Even through the Affordable Care Act was designed to provide affordable medical care to many Americans in need of insurance, it hasn’t fully eliminated the debts, co-pays and deductibles that medical insurance can still force you to accrue.
For instance, 9.4 million fewer families have struggled to pay medical bills thanks to the Affordable Care Act, according to The Urban Institute, but that doesn’t help the one-in-four people between 18 and 64 years old who are still paying off medical debts of the past.

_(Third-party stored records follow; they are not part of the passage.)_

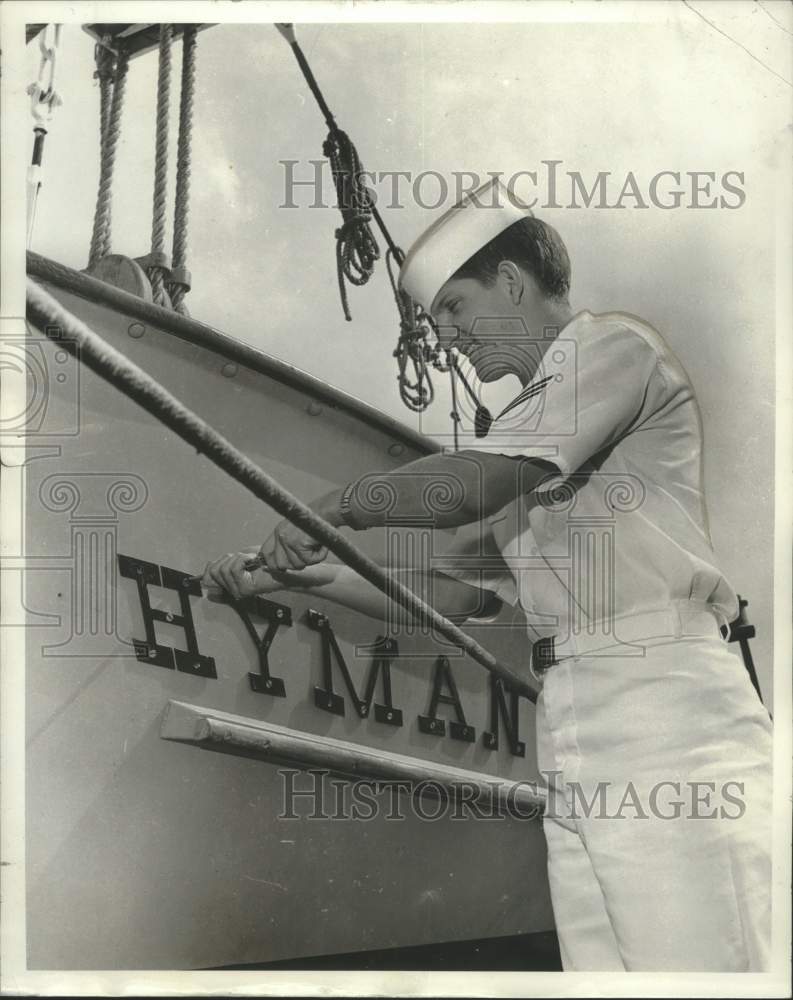 1969 Seaman removes letters from whaleboat before it leaves Navy-Historic Images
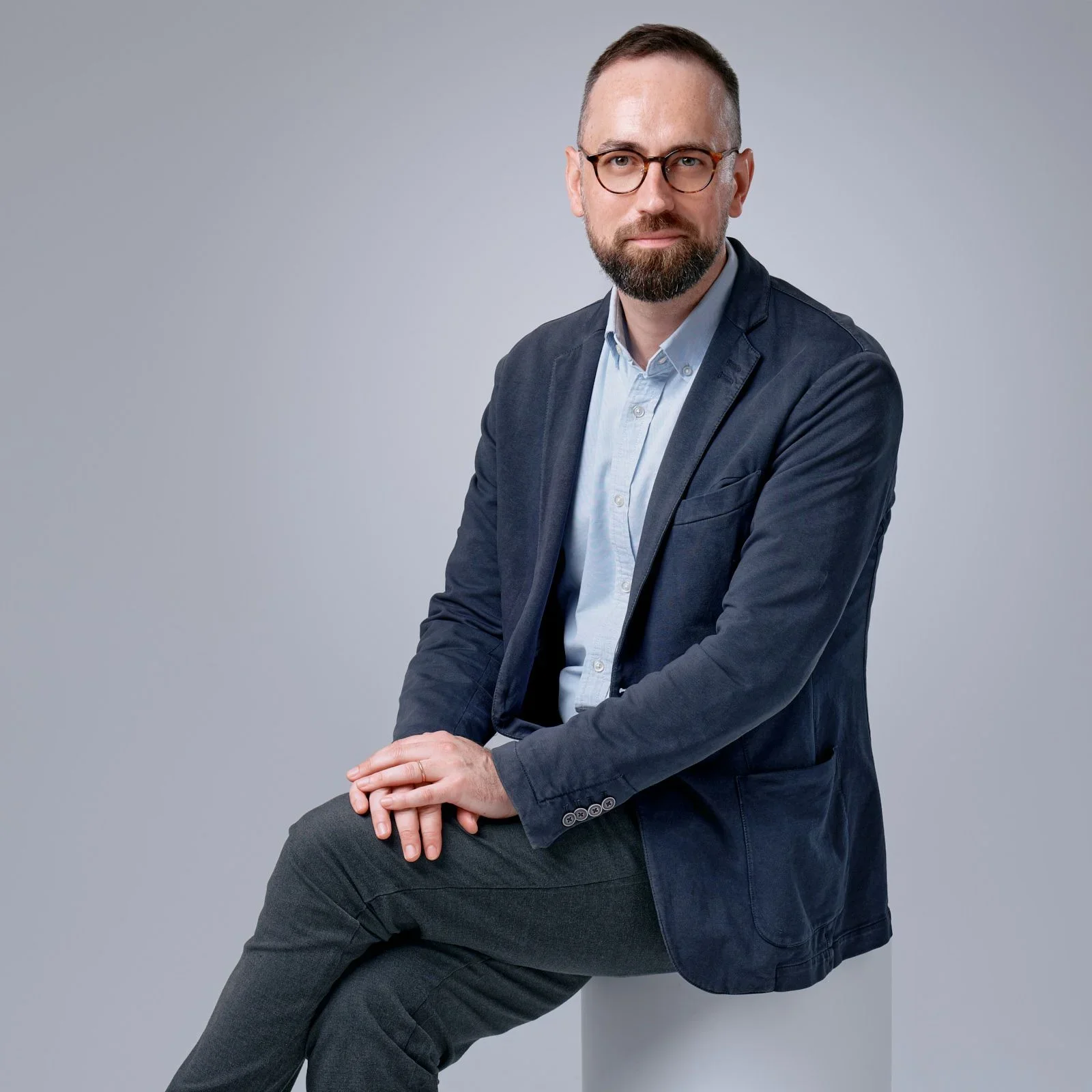 A man with glasses and a beard wearing a dark blazer and light shirt, seated against a plain gray background.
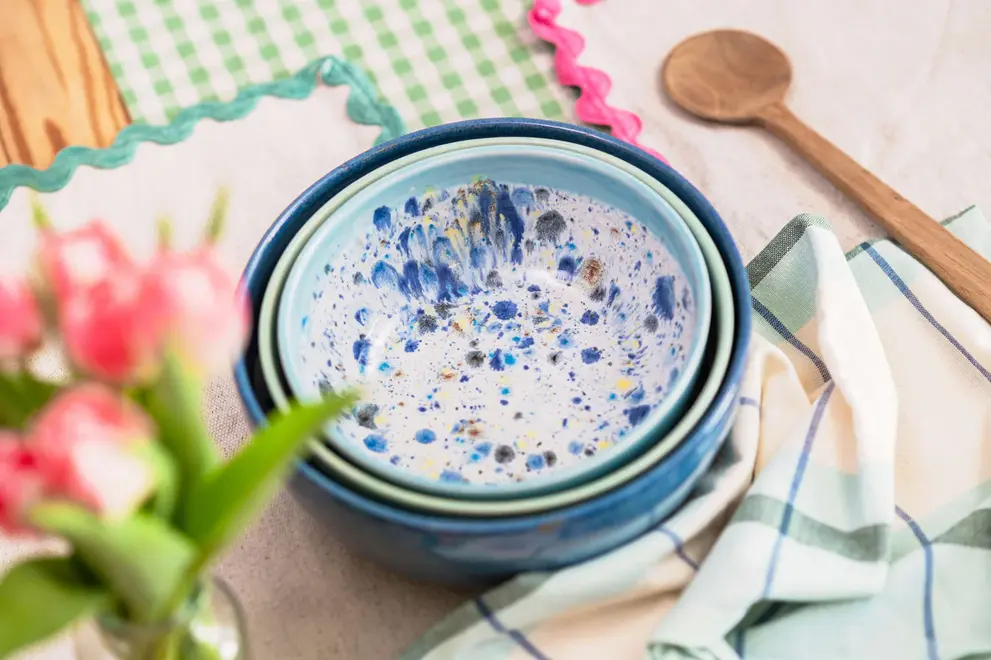Shoreline Serving Bowls (Set Of 3), a colourful set of serving bowls placed in a table setting accompanied by other kitchen items. 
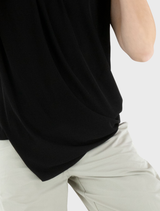Black Stine top presented on a hanger, emphasizing its contemporary cut and fabric quality.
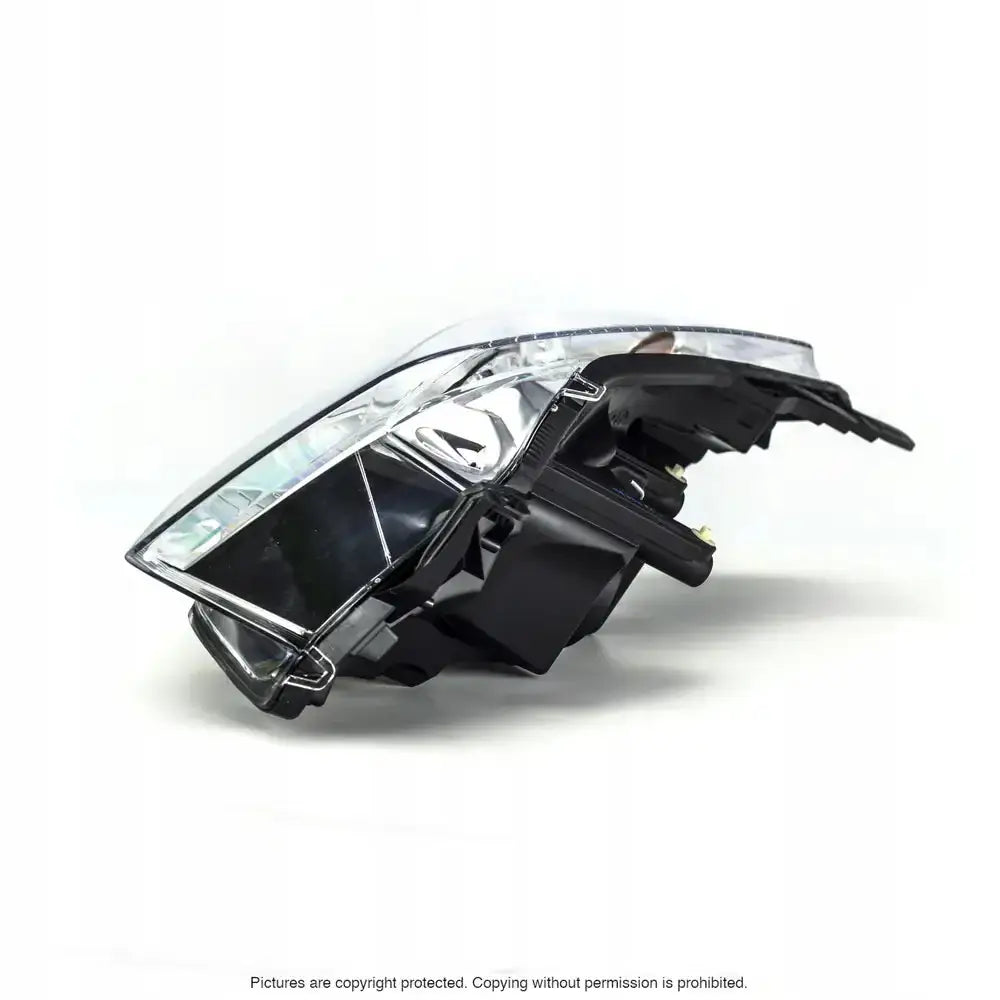 Headlights Opel Astra H 07-10 H7 sett fra siden med synlige detaljer og monteringspunkter.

Initially with the ACA, 22 percent of families still reported struggling. That number dropped to 17.3 percent in March 2015, showing that many families have benefited from the coverage. One thing to consider is that while the coverage is available and beneficial for some medical situations, the cost to the enrollee has increased when it comes to the money paid out of pocket. By 2015, the average family of four could be expected to pay around $24,671 for their medical coverage. That’s up substantially from the 2011 report indicating costs of $19,393.
Does the higher amount of co-pays and initial layout costs cause Americans to be under-insured? This could be the case, as people choose plans with lower premiums to make sure they can afford the monthly bill. A report from The Commonwealth Fund shared information that showed 11 percent of privately-insured Americans with deductibles of $3,000 or more compared to just 1 percent who had that deductible in 2003.